During the tour, legislators spoke with municipal officials about a host of issues they are facing, from concerns about rebuilding to how to help property owners wrangling with insurance companies. And while many of their residents struggle to put their lives back together, municipalities themselves are facing a double whammy: Municipal costs are soaring while significant chunks of their property tax bases have been wiped out.
In Brick, Mayor Stephen Acropolis said the storm damage resulted in a loss of about $400 million in ratables, which bring in about $8 million in property tax revenue. The town’s expenses for the storm will probably total between $40 million and $50 million, $18 million of which be for debris removal, Acropolis said.

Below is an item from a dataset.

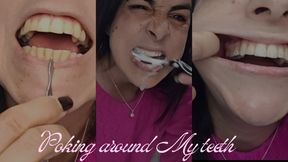 Picking my dirty teeth and clean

Toms River Mayor Thomas Kelaher estimated that about 20 percent of the town’s tax base was gone. The town is bleeding cash. For example, Kelaher said police overtime costs in just one two-week period were $800,000. Dumping fees for debris removed is costing the town $1 million a week, he said.
“We need help from the federal government and the state Legislature. … There’s got to be a solution,” said Kelaher.
What that solution may be remained unclear Thursday.
The federal government is expected to pick up most of the tab for municipalities’ cleanup efforts, but the towns will have to cover at least a portion of the costs, said Assembly Republican Whip Scott Rumana.
Generally, the Federal Emergency Management Agency reimburses municipalities for 75 percent of their costs; Gov. Chris Christie has petitioned the federal agency to up its contribution to 90 percent. That still would leave towns on the hook for 10 percent.
“We can’t put that off on local government,” said Rumana. “We’re going to need to find some way to come up with that money.”
Asked about providing more state aid to municipalities, Assembly Speaker Sheila Oliver, who teared up at the sight of Seaside Heights’ battered boardwalk, said, “We have to look at what we are able to do. … A lot hinges on the federal government’s response to us.”
Christie has put the cost of Sandy destruction and disruption in the state at nearly $37 billion.